▸ **WORK TO COMPLETE**:
Transcribe all the lines below exactly. Omit the pictures.

▸ **DATA**:
-- Opening Marker --
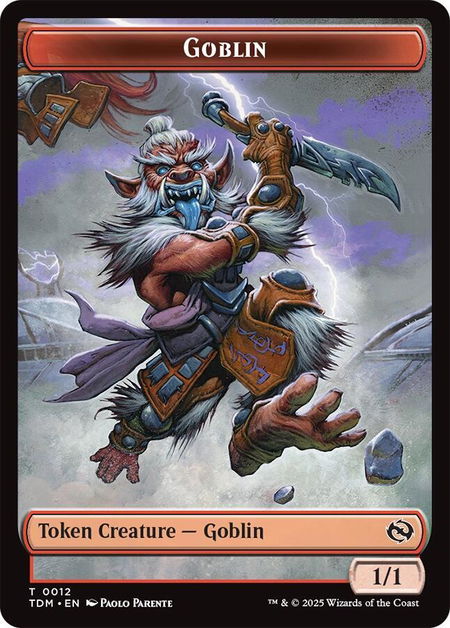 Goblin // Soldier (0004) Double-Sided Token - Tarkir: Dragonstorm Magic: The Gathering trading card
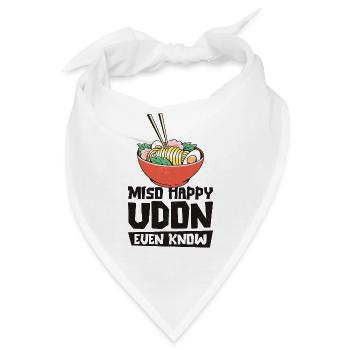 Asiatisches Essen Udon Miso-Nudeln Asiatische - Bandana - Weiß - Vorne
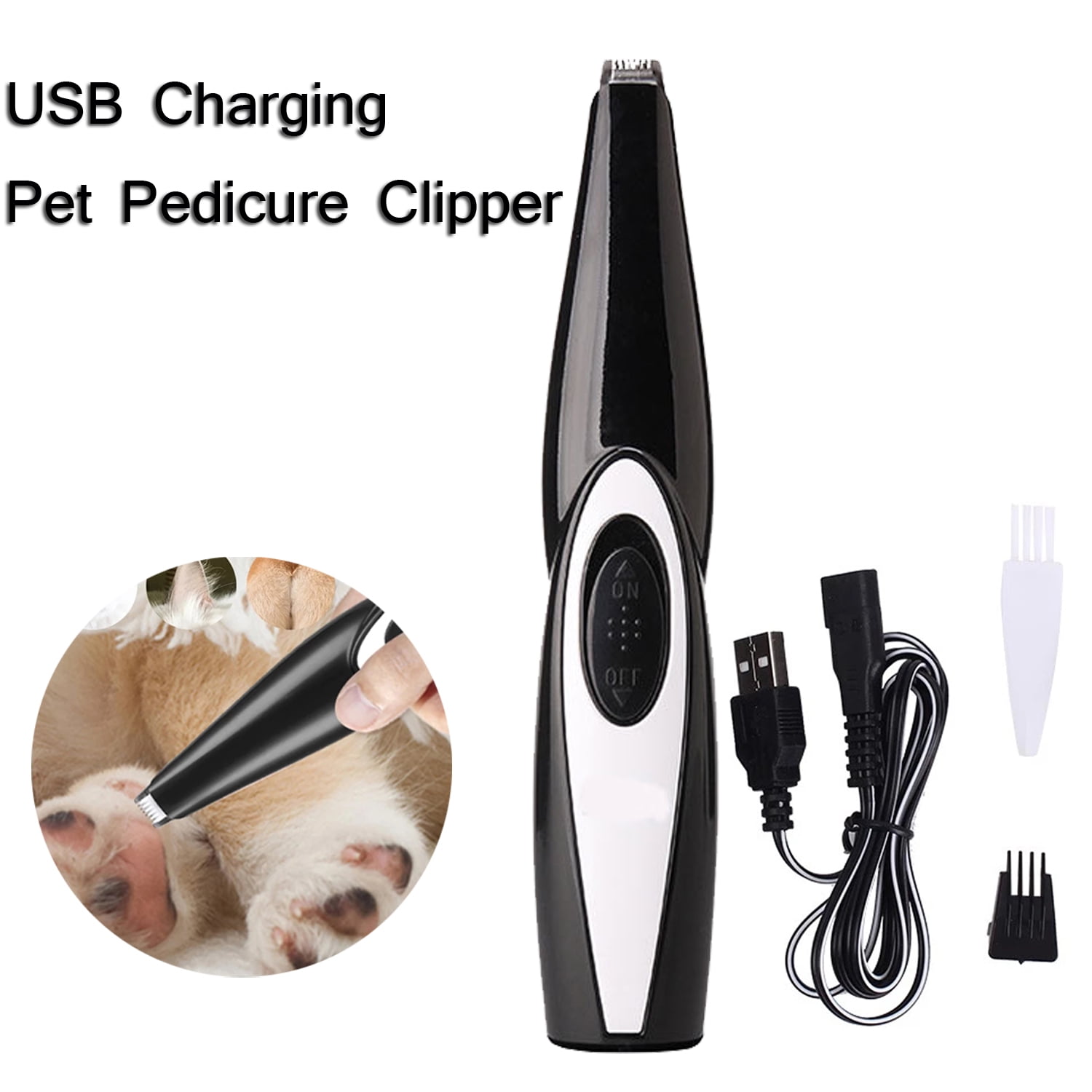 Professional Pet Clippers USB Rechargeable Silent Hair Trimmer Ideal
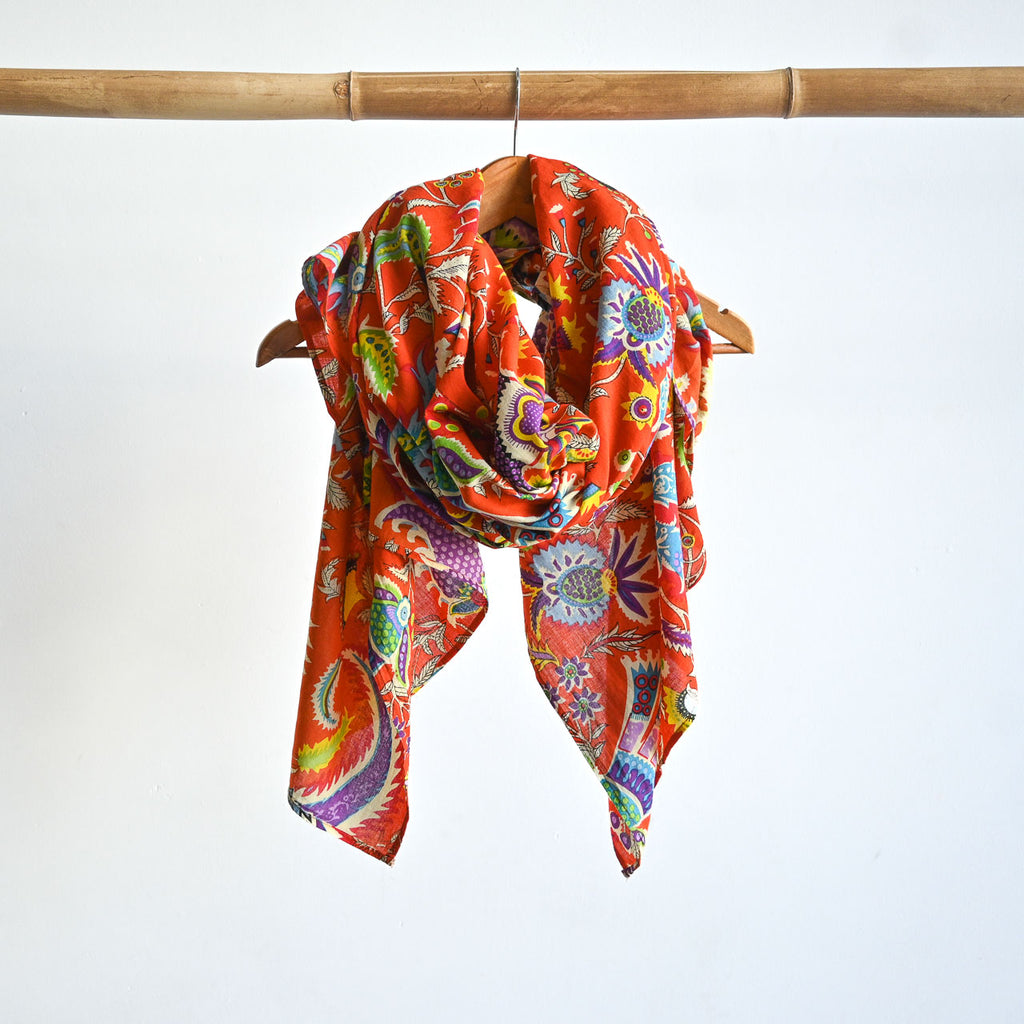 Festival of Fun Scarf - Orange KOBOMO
-- Closing Marker --
▸ **ANSWER TO THIS PROBLEM**:
 Goblin // Soldier (0004) Double-Sided Token - Tarkir: Dragonstorm Magic: The Gathering trading card
 Asiatisches Essen Udon Miso-Nudeln Asiatische - Bandana - Weiß - Vorne
 Professional Pet Clippers USB Rechargeable Silent Hair Trimmer Ideal
 Festival of Fun Scarf - Orange KOBOMO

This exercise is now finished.